Mr. Conroy’s message was thought provoking and well measured and, whether you agree Ontario should have a single education system or not, I encourage you to read it.
In his opening, Mr. Conroy explained he was loath to “burn” his page on that particular subject which I found strange considering the admirable way he was able make the case that “Catholic school funding is an artifact from Confederation that bears no reflection of Canada today.”
But today I’m discovering what Mr. Conroy was meaning when he wrote of burning editorial space as we are forced to respond to last week’s statement from atop of Shire Hall (County Mayor dismayed with Gazette Coverage, Page 9).
First off, we acknowledge Communications person Mark Kerr told us the recent staffing changes made at H.J. McFarland Memorial Home were in no way related to sexual assault allegations detailed in a provincial inspector’s report published in late November of last year. That’s why our story (County announces changes at H.J. McFarland Home, The Picton Gazette, July 25, 2019) stated as much twice over – Once in the lede as well as in the body of the story.
And let it be said here this newspaper values the work that’s undertaken by Kerr everyday. Since being hired by the municipality Kerr has done good work for this community, delivering updates and notices on events that impact Prince Edward County residents in their day-to-day lives.
In terms of the relationship between Kerr and the Gazette, the County’s spokesperson has been professional, diligent, accessible and expedient while being cognizant of deadline ramifications.
In short, Kerr has never given the Gazette a reason to wonder if what he’s saying is accurate and, in his statement concerning the staffing changes, this paper believes him in as much as an outlet can trust a communications person who has never given reason for pause.

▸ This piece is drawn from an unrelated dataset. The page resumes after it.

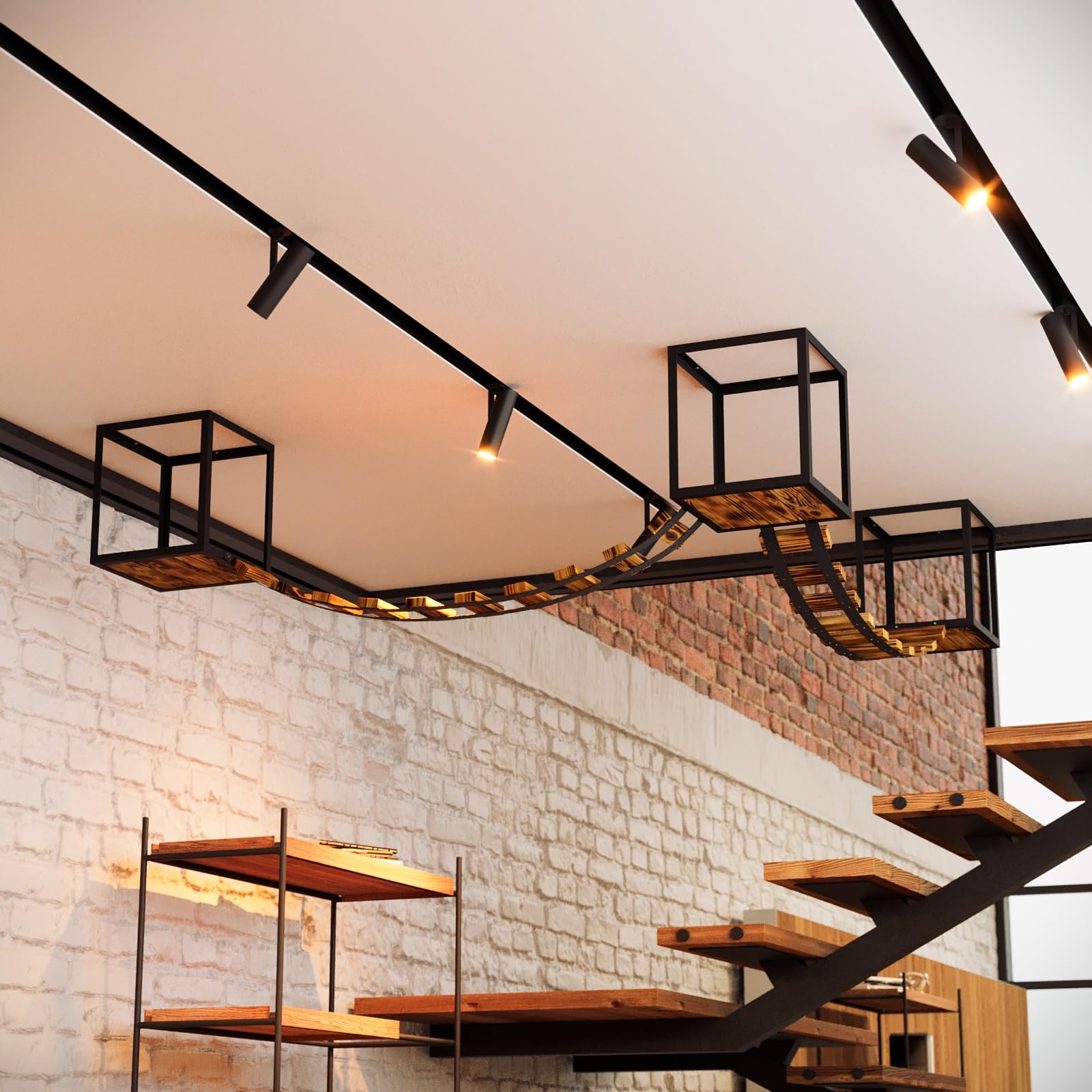 QLS Set arrampicata gatti legno/acciaio da soffitto loft | Con 2 ponti e 3 lettini per arrampicarsi, osservare e riposare, combinabile ed espandibile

To provide a glimpse behind the journalistic process that led to last week’s story is not a task we normally undertake but in the effort of transparency and clear communication, we embark down that path.

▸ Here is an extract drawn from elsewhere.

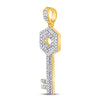 10k Yellow Gold Mens Round Diamond Key Charm Pendant 5/8 Cttw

Within a day of the municipality issuing a statement concerning the staffing changes at H.J. McFarland Home, a member of the public contacted our newsroom and wondered if what was contained in the provincial inspector’s report was related.
We asked the question and the County answered.
We reported our findings.
It can be safely assumed if one person was openly wondering about these two pieces of information to a news outlet and if the two were connected, there’s likely scores more in our community wondering the same thing.

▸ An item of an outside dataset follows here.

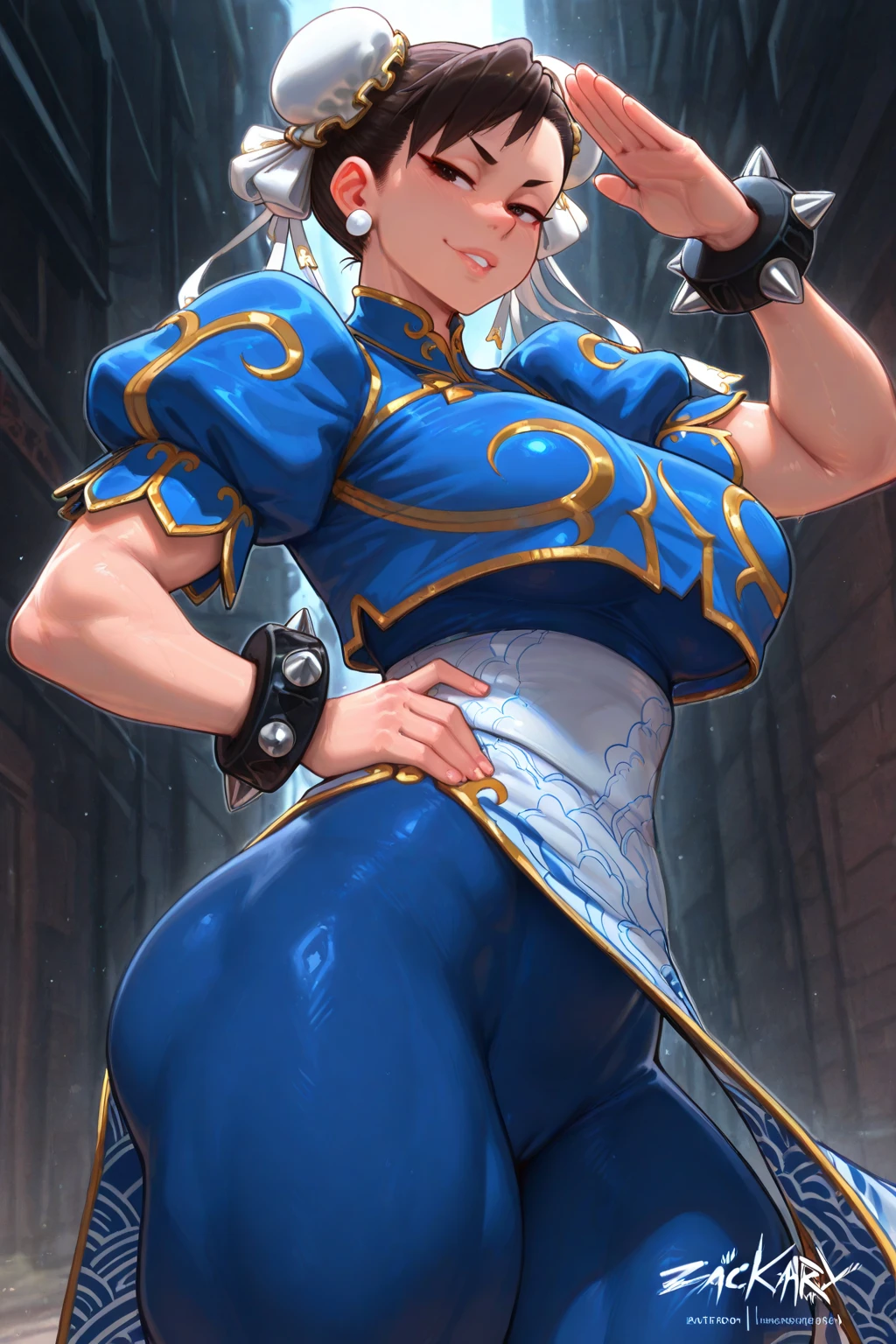 Chun-Li,linda jovem com uniforme azul classico, coxas grossas, belas coxas sexy,um pouco muscolosa, cabelo preso, black tights, floresta,noite ceu estrelado, Standing alone.solo,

Worse yet, there were likely some that assumed these events were connected. That assumption is put to rest in light of our reporting.
The Gazette understands what is in the report issued eight months ago, hardly historic, is difficult subject matter but questions were raised by the public and to not pose them to the municipality and report what we found would be a great failing of Canada’s Oldest Community Newspaper.
If there were an element of irresponsibility on this reporter’s part, it was not regularly examining the Long Term Care reports (publicreporting.ltchomes.net) since returning to cover municipal politics in Prince Edward County in September, 2018.
Simply put, after last covering Shire Hall in 2008, your humble scribe had forgotten such a function existed and pledges to monitor the website regularly moving forward.
We will try better to bring these reports forward to you, dear reader, as a form of public accountability.
We stand by our story and the way it was presented.